──────── Record extracts ────────

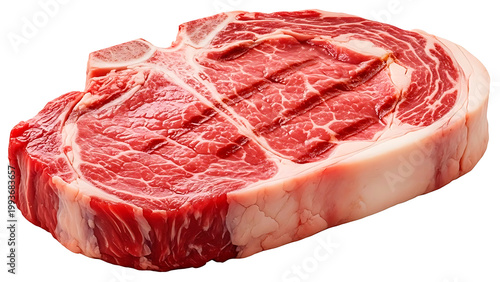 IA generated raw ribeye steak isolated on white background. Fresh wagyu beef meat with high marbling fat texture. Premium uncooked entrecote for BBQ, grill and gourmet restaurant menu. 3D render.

────────
──────── Record extracts ────────

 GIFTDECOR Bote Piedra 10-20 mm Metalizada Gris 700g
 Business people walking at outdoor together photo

────────

Using the entries above, extract exactly the span from the line with "GIFTDECOR Bote Piedra" to the line with "Business people walking", both lines included; leave out everything else.

* [Answer for this exercise]
 GIFTDECOR Bote Piedra 10-20 mm Metalizada Gris 700g
 Business people walking at outdoor together photo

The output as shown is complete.